Radulova-Mauersberger Olga, Keßler Julia, Keßler Ulrich, Stange Katrin, Korn Sandra, Weitz Jürgen, Bork Ulrich
Department of Visceral, Thoracic and Vascular Surgery, University Hospital Carl Gustav Carus, Technische Universität Dresden, 01307 Dresden, Germany.
Departments of Surgery and Endocrinology, Oberlausitz-Kliniken gGmbH and MVZ, 02625 Bautzen, Germany.
J Clin Med. 2022 Apr 4;11(7):2015. doi: 10.3390/jcm11072015.

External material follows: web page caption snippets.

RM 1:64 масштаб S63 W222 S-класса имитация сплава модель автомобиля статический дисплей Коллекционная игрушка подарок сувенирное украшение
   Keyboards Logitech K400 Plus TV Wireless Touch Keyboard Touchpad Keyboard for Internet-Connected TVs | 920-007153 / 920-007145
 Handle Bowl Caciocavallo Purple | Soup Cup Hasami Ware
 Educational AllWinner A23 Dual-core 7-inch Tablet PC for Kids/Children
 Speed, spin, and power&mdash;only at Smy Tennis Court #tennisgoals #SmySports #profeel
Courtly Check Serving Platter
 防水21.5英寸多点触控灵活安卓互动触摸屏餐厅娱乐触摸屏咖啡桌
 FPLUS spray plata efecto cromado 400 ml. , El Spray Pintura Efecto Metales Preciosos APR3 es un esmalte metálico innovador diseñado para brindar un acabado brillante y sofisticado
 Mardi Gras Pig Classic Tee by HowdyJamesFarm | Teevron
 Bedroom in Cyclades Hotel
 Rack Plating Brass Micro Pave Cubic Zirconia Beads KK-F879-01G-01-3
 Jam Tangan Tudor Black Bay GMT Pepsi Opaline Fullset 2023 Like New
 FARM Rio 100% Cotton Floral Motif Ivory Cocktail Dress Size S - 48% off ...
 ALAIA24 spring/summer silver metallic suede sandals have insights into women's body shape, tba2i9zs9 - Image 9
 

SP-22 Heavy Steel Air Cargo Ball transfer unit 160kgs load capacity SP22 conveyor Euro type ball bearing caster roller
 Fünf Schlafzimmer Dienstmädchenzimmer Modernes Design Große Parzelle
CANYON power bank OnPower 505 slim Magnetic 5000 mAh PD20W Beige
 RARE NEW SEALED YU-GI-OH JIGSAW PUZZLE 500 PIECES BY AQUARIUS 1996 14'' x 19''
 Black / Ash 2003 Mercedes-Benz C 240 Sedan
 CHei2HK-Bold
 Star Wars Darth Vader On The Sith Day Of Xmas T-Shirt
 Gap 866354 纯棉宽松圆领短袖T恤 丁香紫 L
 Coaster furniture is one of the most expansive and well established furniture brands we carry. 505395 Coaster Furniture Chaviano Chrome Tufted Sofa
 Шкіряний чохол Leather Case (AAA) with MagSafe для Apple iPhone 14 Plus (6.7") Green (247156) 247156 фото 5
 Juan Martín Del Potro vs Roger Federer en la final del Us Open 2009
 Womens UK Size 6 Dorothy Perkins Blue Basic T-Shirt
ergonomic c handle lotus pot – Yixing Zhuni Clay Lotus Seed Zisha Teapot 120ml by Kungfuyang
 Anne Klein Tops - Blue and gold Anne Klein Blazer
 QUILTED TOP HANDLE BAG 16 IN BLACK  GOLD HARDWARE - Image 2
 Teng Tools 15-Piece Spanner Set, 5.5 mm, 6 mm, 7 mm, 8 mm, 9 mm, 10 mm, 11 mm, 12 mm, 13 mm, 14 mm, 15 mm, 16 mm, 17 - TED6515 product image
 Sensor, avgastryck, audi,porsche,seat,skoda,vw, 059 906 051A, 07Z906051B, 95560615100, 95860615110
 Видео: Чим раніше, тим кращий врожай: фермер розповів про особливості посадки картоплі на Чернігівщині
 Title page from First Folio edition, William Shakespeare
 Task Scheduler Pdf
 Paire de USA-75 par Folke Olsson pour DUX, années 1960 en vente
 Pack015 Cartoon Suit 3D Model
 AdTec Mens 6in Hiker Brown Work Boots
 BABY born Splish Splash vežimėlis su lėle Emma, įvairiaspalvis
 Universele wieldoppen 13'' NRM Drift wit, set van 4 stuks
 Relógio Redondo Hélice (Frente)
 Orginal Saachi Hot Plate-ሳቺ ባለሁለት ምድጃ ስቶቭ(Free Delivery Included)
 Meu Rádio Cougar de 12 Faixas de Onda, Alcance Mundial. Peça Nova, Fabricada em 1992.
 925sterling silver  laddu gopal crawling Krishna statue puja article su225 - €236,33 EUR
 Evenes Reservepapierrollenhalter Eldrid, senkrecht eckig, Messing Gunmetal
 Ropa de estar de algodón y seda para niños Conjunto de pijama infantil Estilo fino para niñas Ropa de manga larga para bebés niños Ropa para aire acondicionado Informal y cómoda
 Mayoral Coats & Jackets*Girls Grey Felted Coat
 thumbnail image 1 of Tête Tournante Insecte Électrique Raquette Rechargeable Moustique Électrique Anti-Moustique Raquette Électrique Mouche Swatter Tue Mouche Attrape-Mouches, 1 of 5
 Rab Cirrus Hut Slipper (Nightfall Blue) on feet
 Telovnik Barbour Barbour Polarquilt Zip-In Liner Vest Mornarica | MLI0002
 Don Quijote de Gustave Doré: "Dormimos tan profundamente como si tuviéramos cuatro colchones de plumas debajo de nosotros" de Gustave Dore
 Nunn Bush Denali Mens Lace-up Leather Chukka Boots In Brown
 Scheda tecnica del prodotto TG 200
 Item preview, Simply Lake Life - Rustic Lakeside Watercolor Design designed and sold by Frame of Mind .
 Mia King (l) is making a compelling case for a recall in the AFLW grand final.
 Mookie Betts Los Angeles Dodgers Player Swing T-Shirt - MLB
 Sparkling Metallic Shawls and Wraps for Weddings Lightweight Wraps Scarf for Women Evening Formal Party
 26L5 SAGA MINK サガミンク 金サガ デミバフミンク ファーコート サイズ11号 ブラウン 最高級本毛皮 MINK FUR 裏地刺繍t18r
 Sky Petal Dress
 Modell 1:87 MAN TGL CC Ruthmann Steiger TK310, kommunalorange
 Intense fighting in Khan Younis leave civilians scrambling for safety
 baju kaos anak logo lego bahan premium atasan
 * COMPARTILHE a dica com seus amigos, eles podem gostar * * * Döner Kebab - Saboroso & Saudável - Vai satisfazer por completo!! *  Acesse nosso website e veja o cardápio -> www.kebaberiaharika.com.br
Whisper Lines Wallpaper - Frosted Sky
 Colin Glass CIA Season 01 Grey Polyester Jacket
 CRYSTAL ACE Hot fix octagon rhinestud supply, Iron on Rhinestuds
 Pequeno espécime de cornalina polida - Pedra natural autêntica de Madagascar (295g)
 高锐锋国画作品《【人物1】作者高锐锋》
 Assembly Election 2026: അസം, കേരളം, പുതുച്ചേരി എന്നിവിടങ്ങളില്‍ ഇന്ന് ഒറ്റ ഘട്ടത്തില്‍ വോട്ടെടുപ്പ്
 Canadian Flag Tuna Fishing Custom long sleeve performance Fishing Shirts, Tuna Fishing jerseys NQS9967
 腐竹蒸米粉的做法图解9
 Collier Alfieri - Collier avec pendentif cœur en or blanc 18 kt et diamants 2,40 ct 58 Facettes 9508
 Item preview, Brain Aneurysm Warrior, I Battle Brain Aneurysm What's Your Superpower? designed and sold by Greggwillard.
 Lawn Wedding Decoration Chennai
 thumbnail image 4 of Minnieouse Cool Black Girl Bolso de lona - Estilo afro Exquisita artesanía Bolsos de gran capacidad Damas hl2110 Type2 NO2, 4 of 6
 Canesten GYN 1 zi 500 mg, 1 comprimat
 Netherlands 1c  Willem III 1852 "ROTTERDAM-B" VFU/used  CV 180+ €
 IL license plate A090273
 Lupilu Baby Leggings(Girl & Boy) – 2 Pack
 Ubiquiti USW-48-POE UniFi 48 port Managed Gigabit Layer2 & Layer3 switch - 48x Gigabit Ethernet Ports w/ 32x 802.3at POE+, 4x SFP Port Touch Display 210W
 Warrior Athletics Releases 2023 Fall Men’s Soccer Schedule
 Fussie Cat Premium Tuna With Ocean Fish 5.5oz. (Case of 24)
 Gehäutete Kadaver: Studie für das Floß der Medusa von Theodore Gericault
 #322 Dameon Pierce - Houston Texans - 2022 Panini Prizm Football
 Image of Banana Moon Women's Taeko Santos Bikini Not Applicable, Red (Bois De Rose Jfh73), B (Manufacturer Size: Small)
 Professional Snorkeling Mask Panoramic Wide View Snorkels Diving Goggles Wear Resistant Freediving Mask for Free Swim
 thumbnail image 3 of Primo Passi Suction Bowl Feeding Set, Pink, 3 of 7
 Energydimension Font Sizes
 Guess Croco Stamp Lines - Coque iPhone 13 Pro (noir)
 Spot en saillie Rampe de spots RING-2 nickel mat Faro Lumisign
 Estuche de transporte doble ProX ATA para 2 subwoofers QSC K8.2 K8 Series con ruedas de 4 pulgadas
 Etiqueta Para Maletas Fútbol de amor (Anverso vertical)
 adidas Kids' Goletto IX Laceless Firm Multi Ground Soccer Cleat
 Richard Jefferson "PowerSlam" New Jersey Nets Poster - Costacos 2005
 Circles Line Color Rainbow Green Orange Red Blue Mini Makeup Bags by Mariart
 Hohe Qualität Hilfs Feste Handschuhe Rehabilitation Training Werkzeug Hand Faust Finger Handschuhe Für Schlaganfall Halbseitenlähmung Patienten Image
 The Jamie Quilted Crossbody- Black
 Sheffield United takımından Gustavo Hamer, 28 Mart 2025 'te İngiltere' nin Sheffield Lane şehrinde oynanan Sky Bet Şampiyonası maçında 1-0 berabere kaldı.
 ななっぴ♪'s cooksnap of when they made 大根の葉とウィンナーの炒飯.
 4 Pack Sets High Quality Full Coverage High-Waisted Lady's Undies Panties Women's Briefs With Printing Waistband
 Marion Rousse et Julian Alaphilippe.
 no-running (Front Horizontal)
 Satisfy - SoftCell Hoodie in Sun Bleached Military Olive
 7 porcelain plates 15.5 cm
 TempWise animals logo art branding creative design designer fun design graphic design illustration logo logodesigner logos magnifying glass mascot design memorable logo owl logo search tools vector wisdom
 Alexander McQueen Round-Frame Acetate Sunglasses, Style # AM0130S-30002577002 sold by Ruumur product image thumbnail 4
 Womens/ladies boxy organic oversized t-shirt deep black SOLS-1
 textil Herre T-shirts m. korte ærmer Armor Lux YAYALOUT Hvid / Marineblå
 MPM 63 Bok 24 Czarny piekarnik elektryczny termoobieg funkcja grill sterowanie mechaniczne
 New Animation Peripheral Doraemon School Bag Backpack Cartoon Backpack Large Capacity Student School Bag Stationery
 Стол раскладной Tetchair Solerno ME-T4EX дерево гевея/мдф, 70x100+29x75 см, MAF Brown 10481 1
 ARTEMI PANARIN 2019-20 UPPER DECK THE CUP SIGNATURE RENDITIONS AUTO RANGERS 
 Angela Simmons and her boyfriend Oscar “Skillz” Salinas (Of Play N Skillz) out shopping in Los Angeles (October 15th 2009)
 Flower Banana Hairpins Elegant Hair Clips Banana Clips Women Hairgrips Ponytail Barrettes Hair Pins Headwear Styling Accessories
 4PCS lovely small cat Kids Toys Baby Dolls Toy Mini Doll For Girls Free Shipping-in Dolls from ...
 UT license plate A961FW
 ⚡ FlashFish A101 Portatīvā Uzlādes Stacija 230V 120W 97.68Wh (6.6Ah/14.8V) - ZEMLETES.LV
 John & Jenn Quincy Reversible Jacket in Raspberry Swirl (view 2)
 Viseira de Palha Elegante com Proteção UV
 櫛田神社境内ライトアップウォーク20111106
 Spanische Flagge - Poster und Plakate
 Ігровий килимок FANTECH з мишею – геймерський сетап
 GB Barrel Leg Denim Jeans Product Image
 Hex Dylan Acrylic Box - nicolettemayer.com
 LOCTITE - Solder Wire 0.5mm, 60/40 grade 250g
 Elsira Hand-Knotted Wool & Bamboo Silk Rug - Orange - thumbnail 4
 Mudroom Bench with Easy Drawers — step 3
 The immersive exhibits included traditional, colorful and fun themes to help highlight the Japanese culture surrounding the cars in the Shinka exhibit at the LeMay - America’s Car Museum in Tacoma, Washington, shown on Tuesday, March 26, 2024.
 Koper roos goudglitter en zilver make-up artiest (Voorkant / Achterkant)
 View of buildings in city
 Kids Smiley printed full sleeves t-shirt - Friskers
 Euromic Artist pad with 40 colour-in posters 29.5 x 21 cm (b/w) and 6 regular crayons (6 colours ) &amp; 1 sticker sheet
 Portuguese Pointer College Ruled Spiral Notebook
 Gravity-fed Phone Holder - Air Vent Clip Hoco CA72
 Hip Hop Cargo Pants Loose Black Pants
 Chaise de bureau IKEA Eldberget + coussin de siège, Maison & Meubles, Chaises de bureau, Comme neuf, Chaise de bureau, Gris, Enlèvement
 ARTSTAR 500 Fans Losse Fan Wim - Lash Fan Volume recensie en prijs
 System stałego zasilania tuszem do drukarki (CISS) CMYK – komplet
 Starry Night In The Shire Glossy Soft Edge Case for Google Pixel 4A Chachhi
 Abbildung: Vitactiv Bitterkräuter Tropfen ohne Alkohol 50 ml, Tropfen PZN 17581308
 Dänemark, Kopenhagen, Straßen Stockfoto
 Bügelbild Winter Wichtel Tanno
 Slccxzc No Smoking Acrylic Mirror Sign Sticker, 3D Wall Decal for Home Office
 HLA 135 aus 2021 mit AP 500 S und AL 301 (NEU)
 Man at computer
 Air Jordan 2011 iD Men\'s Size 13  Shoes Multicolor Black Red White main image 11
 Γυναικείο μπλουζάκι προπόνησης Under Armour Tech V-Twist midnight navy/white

Background: Cinacalcet is a calcimimetic drug that has increasingly been used as a bridging therapy for primary hyperparathyroidism (pHPT), especially during the COVID-19 pandemic. The aim of our study was to investigate if preoperative cinacalcet therapy affects intraoperative parathyroid hormone (IOPTH) monitoring during parathyroidectomy, which is an important indicator for the success of surgery. Methods: In this single-center retrospective analysis, we studied the outcomes of 72 patients who underwent surgery for pHPT. We evaluated two groups: those with cinacalcet therapy before operation—the cinacalcet group (CG)—and those without medical therapy preoperatively (non-CG). In order to perform a between-group comparison of time trends, we fit a linear mixed-effects model with PTH as the response variable and predictors PTH levels preoperatively, group (cinacalcet yes/no), time, the group-by-time interaction, and a random intercept (per subject). Results: Our cohort included 51 (71%) women and 21 (29%) men, who were operated upon for pHPT in the period from January 2018 until August 2021. All patients were diagnosed with pHPT and 54% of the cohort were symptomatic for hypercalcemia. Moreover, 30% of the patients were treated with cinacalcet as a bridging therapy preoperatively, and this increased during the COVID-19 pandemic, as 64% of this group were treated in the last two years. Calcium values were significantly different before (p < 0.001) and after (p = 0.0089) surgery, but calcium level change did not differ significantly between the CG and non-CG. Parathyroid hormone (PTH) levels dropped significantly in both groups during 10 min IOPTH monitoring (p < 0.001), but there was no significant difference between the two groups (p = 0.212). Conclusions: In the examined patient cohort, the use of cinacalcet did not affect the value of IOPTH monitoring during surgery for pHPT.
西那卡塞是一种拟钙剂药物,越来越多地被用作原发性甲状旁腺功能亢进症(pHPT)的过渡治疗药物,尤其是在新冠疫情期间。我们研究的目的是调查术前使用西那卡塞治疗是否会影响甲状旁腺切除术中的术中甲状旁腺激素(IOPTH)监测,这是手术成功的一项重要指标。方法:在这项单中心回顾性分析中,我们研究了72例接受pHPT手术患者的手术结果。我们评估了两组:术前接受西那卡塞治疗的患者——西那卡塞组(CG),以及术前未接受药物治疗的患者(非CG组)。为了进行组间时间趋势比较,我们拟合了一个线性混合效应模型,将PTH作为反应变量,预测变量包括术前PTH水平、组别(使用西那卡塞与否)、时间、组间时间交互作用以及一个随机截距(每个受试者)。结果:我们的队列包括51名(71%)女性和21名(29%)男性,他们在2018年1月至2021年8月期间接受了pHPT手术。所有患者均被诊断为pHPT,队列中54%的患者有高钙血症症状。此外,30%的患者术前接受西那卡塞作为过渡治疗,在新冠疫情期间这一比例有所增加,因为该组中64%的患者是在过去两年接受治疗的。手术前后钙值有显著差异(p < 0.001),但CG组和非CG组之间的钙水平变化无显著差异。在10分钟的IOPTH监测期间,两组的甲状旁腺激素(PTH)水平均显著下降(p < 0.001),但两组之间无显著差异(p = 0.212)。结论:在所研究的患者队列中,使用西那卡塞并不影响pHPT手术期间IOPTH监测的值。